··· The input

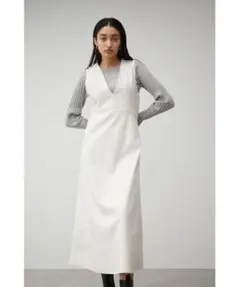 AZUL by moussy フェイクレザーロングワンピースのサムネイル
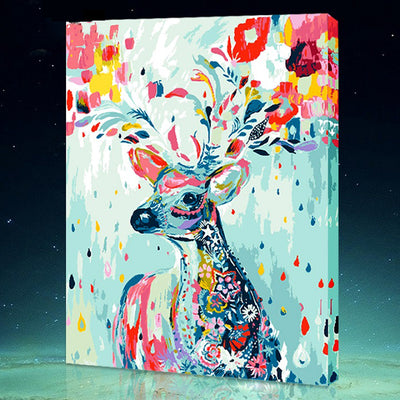 MADE4U [ Deer Series ] [ 20" ] [ Wood Framed ] Paint By Numbers Kit with Brushes and Paints ( Deer HHGZG202 )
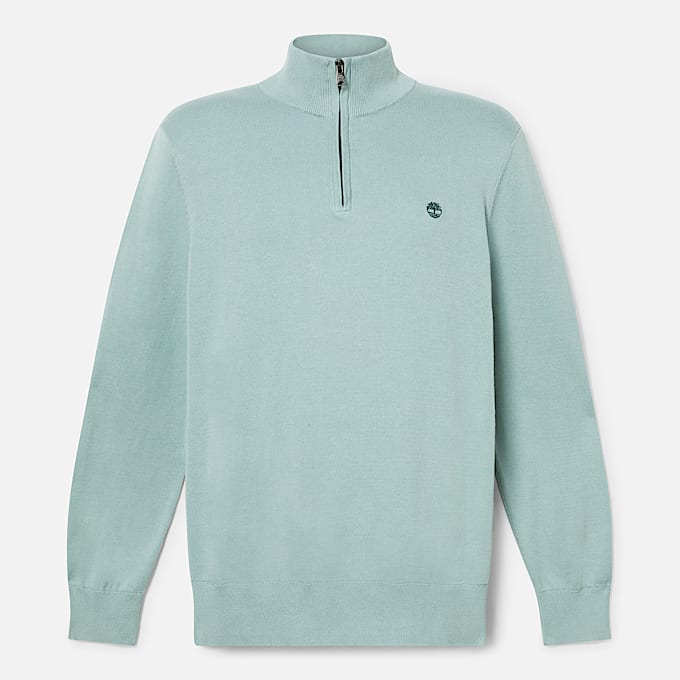 Williams River Pullover mit 1/4-Reißverschluss für Herren in Grau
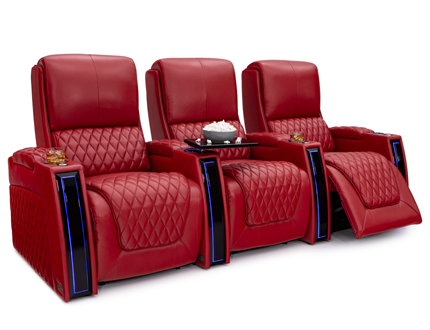 Red Home Theater Seating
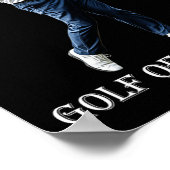 Poster Golf Drôle d'Amérique Donald Trump (Coin)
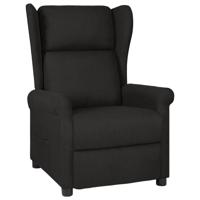 Fauteuil verstelbaar stof zwart Fauteuil verstelbaar stof zwart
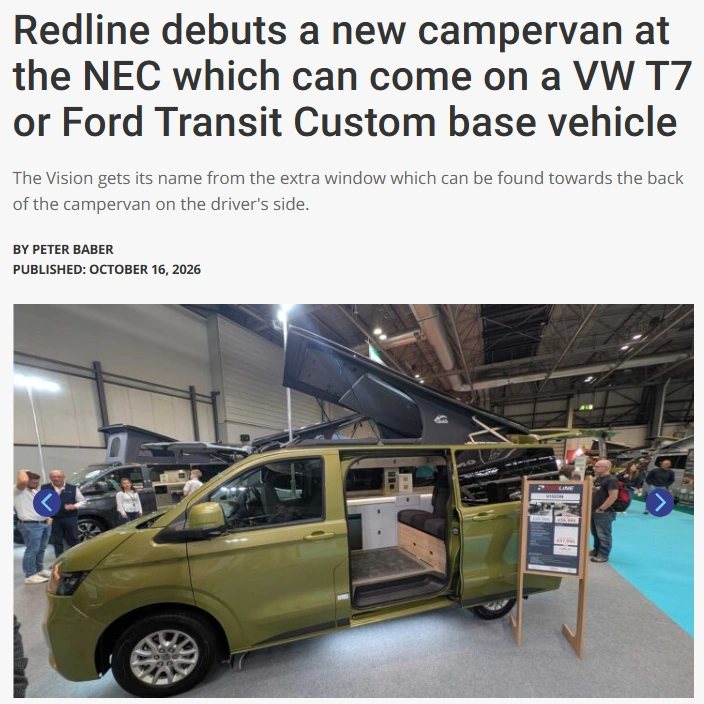 Redline Vision featured in Practical Motorhome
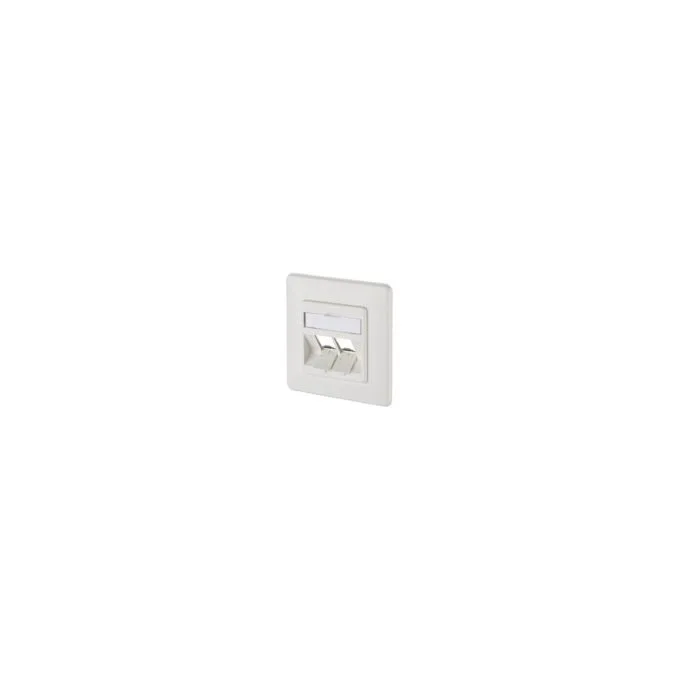 METZ CONNECT Keystone Anschlussdose UP 2 Port unbestuckt reinweiss — image 1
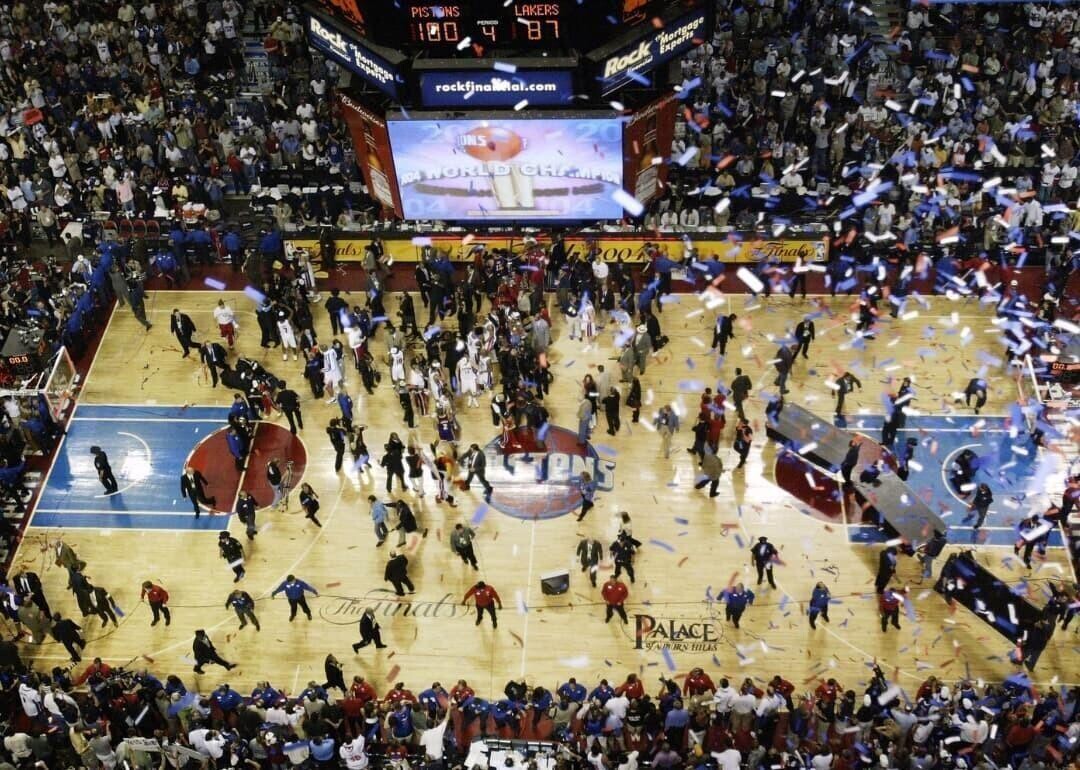 The Pistons captured the franchise's third NBA championship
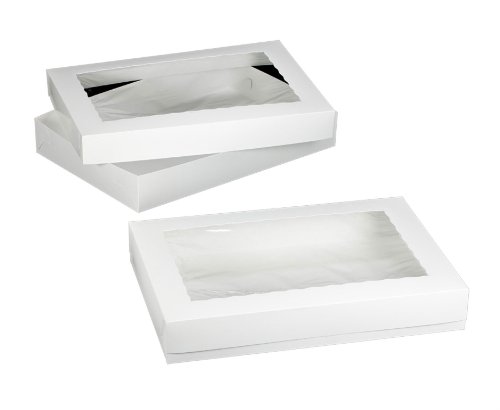 Dress My Cupcake Window Cupcake Box with Holder for 36 Standard Cupcakes, White, Set of 100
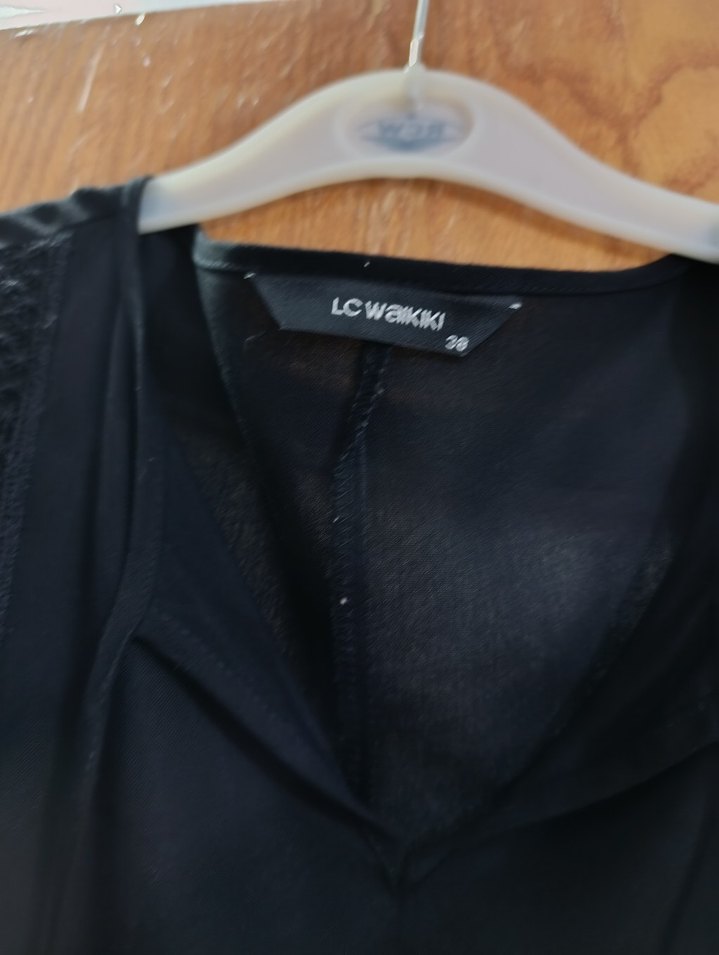 Siyah Nakışlı Uzun Kollu Bohem Elbise - Görsel 3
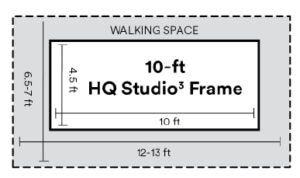 Handi Quilter Amara 20- 10' Handi Quilter Studio3 Frame QM00125-0103-1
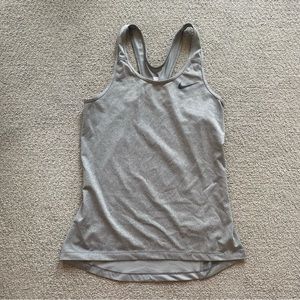 Nike Gray Racerback Tank Top Size S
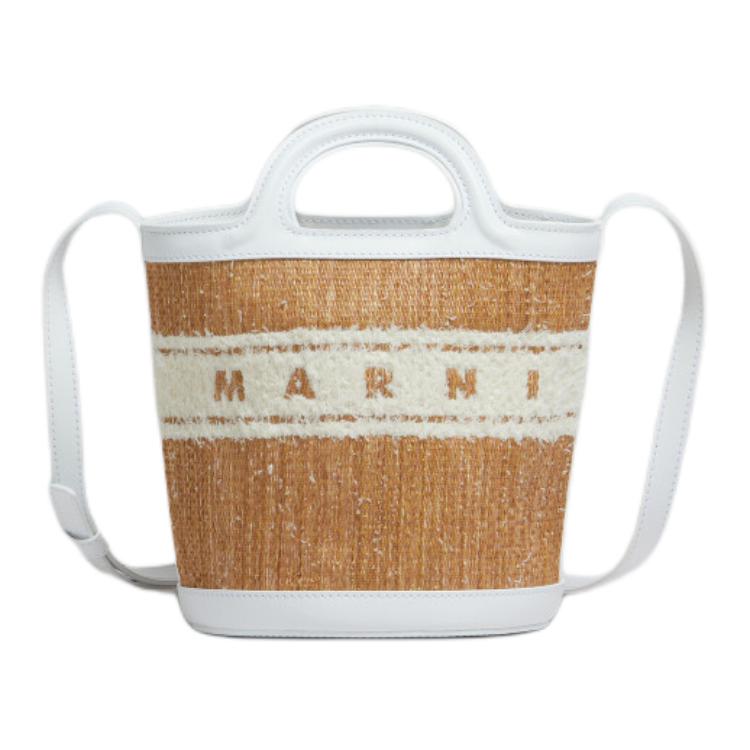 Сумка-ведро на шнурке MARNI с вышитой маленькой эмблемой Tropicalia
Сумка-ведро на шнурке MARNI с вышитой маленькой эмблемой Tropicalia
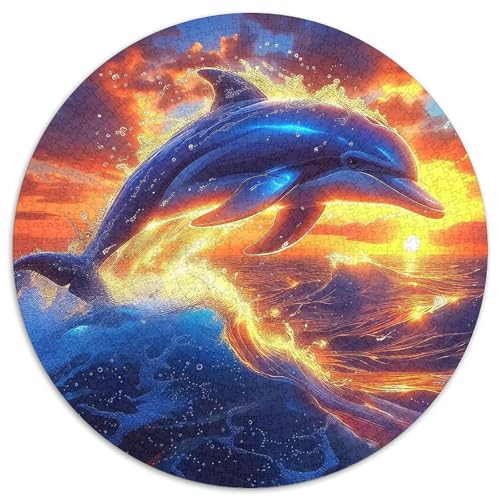 Delphin Puzzle 1000 Teile Für Erwachsene Und Kinder Meerestiere Lernspiel Klassische Geschenk Wunderschönes Dekoration Clevere Rätsel 1000pcs (67.5x67.5cm) von QTIVARLEN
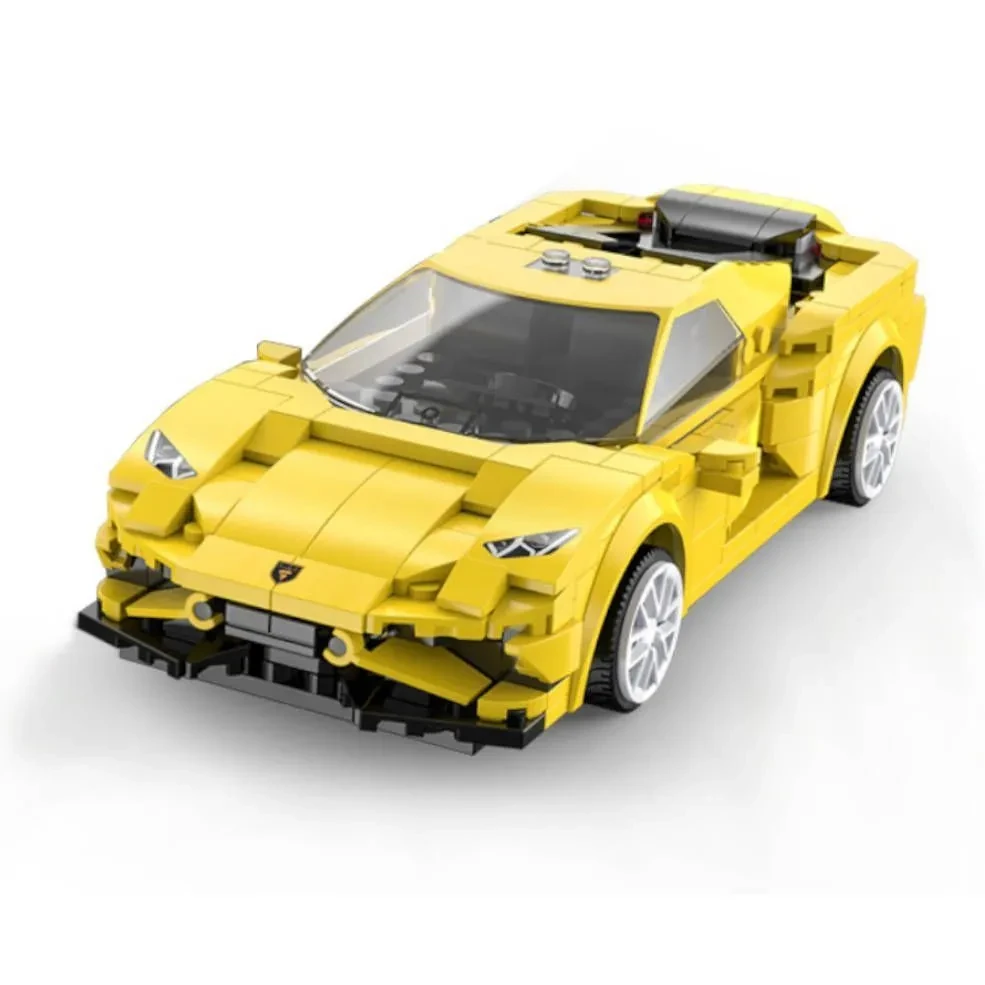Cada C51074W Радиоуправляемый Конструктор гоночный автомобиль EVO желтый. 325 дет. - фото 2 - id-p105628798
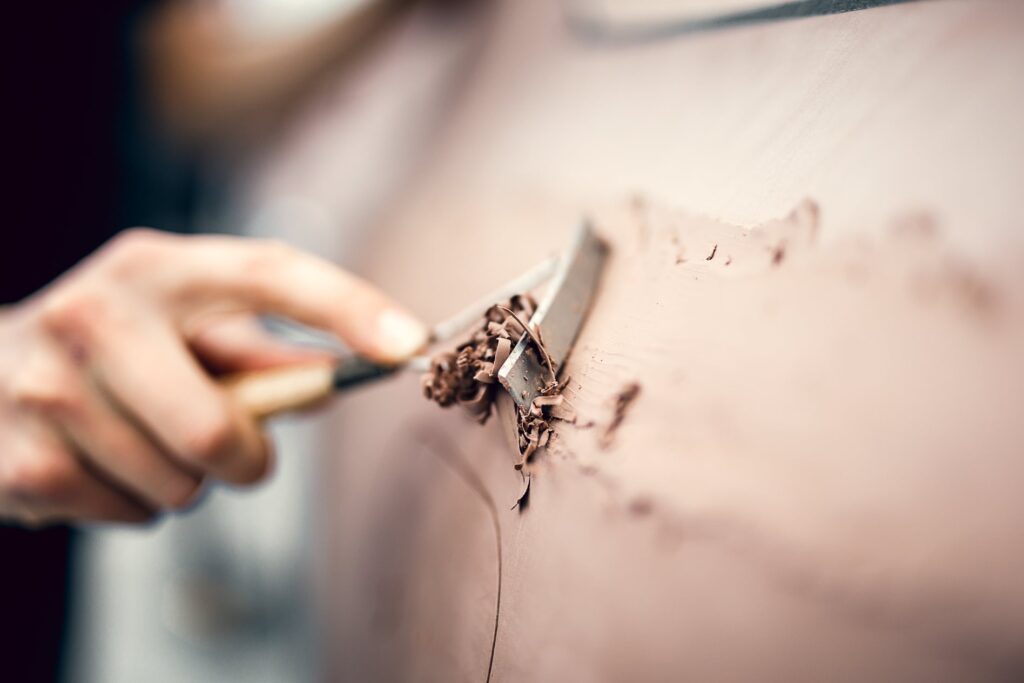 clay modelling at GM’s Australian design studio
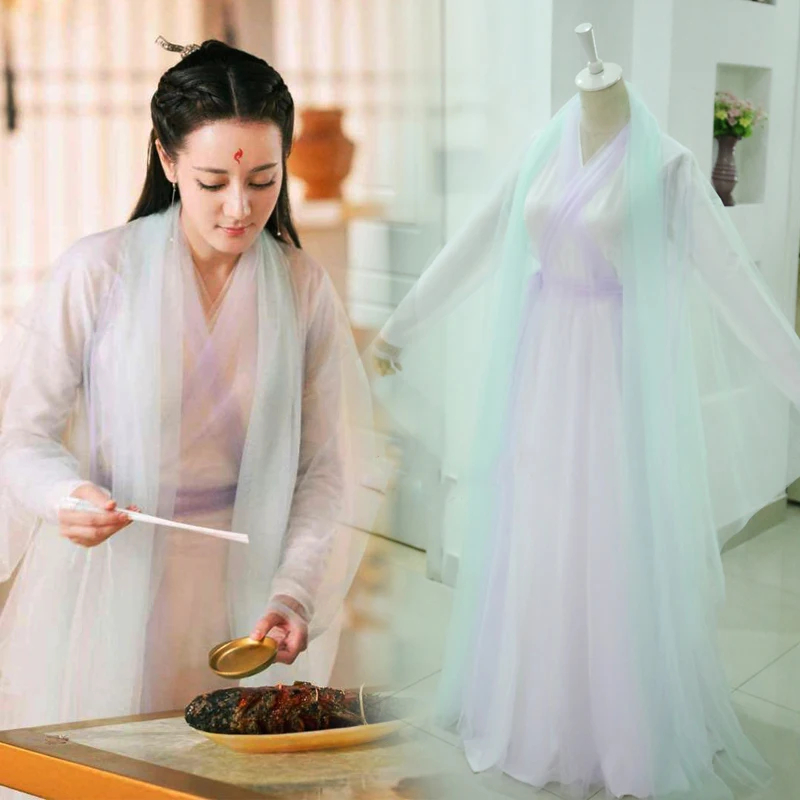 Костюм Фэн Цзю Женский бессмертная лиса костюм принцессы ханьфу для ТВ-игр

······

Pictures must be left out when the records are transcribed exactly.

Solution –
 AZUL by moussy フェイクレザーロングワンピースのサムネイル
 MADE4U [ Deer Series ] [ 20" ] [ Wood Framed ] Paint By Numbers Kit with Brushes and Paints ( Deer HHGZG202 )
 Williams River Pullover mit 1/4-Reißverschluss für Herren in Grau
 Red Home Theater Seating
 Poster Golf Drôle d'Amérique Donald Trump (Coin)
 Fauteuil verstelbaar stof zwart Fauteuil verstelbaar stof zwart
 Redline Vision featured in Practical Motorhome
 METZ CONNECT Keystone Anschlussdose UP 2 Port unbestuckt reinweiss — image 1
 The Pistons captured the franchise's third NBA championship
 Dress My Cupcake Window Cupcake Box with Holder for 36 Standard Cupcakes, White, Set of 100
 Siyah Nakışlı Uzun Kollu Bohem Elbise - Görsel 3
 Handi Quilter Amara 20- 10' Handi Quilter Studio3 Frame QM00125-0103-1
 Nike Gray Racerback Tank Top Size S
 Сумка-ведро на шнурке MARNI с вышитой маленькой эмблемой Tropicalia
Сумка-ведро на шнурке MARNI с вышитой маленькой эмблемой Tropicalia
 Delphin Puzzle 1000 Teile Für Erwachsene Und Kinder Meerestiere Lernspiel Klassische Geschenk Wunderschönes Dekoration Clevere Rätsel 1000pcs (67.5x67.5cm) von QTIVARLEN
Cada C51074W Радиоуправляемый Конструктор гоночный автомобиль EVO желтый. 325 дет. - фото 2 - id-p105628798
 clay modelling at GM’s Australian design studio
 Костюм Фэн Цзю Женский бессмертная лиса костюм принцессы ханьфу для ТВ-игр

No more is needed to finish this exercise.